WHAT IS EXPECTED:
Would you reproduce, without any alteration, the lines from the opening line of the entries through the line that has "2-Piece Pocket Dance Active Dress" in it?

DATA SHOWN START

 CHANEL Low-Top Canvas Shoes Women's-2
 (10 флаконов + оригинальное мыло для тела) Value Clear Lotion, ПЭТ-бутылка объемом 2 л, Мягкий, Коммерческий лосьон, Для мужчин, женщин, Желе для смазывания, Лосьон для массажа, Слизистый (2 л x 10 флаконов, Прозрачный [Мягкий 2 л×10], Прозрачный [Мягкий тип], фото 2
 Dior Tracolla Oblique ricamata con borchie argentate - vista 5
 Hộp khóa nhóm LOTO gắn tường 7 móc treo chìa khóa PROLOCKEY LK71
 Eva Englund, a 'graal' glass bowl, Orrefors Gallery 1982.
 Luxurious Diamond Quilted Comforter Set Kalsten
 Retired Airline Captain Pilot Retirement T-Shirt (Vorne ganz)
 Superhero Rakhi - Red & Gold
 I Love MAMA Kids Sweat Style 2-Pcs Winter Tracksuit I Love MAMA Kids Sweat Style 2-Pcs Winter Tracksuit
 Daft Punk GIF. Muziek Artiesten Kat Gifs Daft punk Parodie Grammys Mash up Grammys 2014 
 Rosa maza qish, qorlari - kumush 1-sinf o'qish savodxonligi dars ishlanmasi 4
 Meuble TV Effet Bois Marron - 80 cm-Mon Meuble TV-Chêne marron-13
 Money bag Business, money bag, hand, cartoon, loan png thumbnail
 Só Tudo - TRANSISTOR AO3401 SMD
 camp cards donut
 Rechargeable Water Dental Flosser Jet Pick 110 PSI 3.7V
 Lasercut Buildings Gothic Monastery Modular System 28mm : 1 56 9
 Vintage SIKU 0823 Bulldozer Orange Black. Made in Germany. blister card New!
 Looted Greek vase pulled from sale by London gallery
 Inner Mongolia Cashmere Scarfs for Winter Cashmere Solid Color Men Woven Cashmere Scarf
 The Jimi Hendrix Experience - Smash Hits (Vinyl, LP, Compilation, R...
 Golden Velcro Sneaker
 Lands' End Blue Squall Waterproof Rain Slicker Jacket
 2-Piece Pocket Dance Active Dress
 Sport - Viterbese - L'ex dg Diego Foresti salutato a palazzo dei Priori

DATA SHOWN END

YOUR RESPONSE:
 CHANEL Low-Top Canvas Shoes Women's-2
 (10 флаконов + оригинальное мыло для тела) Value Clear Lotion, ПЭТ-бутылка объемом 2 л, Мягкий, Коммерческий лосьон, Для мужчин, женщин, Желе для смазывания, Лосьон для массажа, Слизистый (2 л x 10 флаконов, Прозрачный [Мягкий 2 л×10], Прозрачный [Мягкий тип], фото 2
 Dior Tracolla Oblique ricamata con borchie argentate - vista 5
 Hộp khóa nhóm LOTO gắn tường 7 móc treo chìa khóa PROLOCKEY LK71
 Eva Englund, a 'graal' glass bowl, Orrefors Gallery 1982.
 Luxurious Diamond Quilted Comforter Set Kalsten
 Retired Airline Captain Pilot Retirement T-Shirt (Vorne ganz)
 Superhero Rakhi - Red & Gold
 I Love MAMA Kids Sweat Style 2-Pcs Winter Tracksuit I Love MAMA Kids Sweat Style 2-Pcs Winter Tracksuit
 Daft Punk GIF. Muziek Artiesten Kat Gifs Daft punk Parodie Grammys Mash up Grammys 2014 
 Rosa maza qish, qorlari - kumush 1-sinf o'qish savodxonligi dars ishlanmasi 4
 Meuble TV Effet Bois Marron - 80 cm-Mon Meuble TV-Chêne marron-13
 Money bag Business, money bag, hand, cartoon, loan png thumbnail
 Só Tudo - TRANSISTOR AO3401 SMD
 camp cards donut
 Rechargeable Water Dental Flosser Jet Pick 110 PSI 3.7V
 Lasercut Buildings Gothic Monastery Modular System 28mm : 1 56 9
 Vintage SIKU 0823 Bulldozer Orange Black. Made in Germany. blister card New!
 Looted Greek vase pulled from sale by London gallery
 Inner Mongolia Cashmere Scarfs for Winter Cashmere Solid Color Men Woven Cashmere Scarf
 The Jimi Hendrix Experience - Smash Hits (Vinyl, LP, Compilation, R...
 Golden Velcro Sneaker
 Lands' End Blue Squall Waterproof Rain Slicker Jacket
 2-Piece Pocket Dance Active Dress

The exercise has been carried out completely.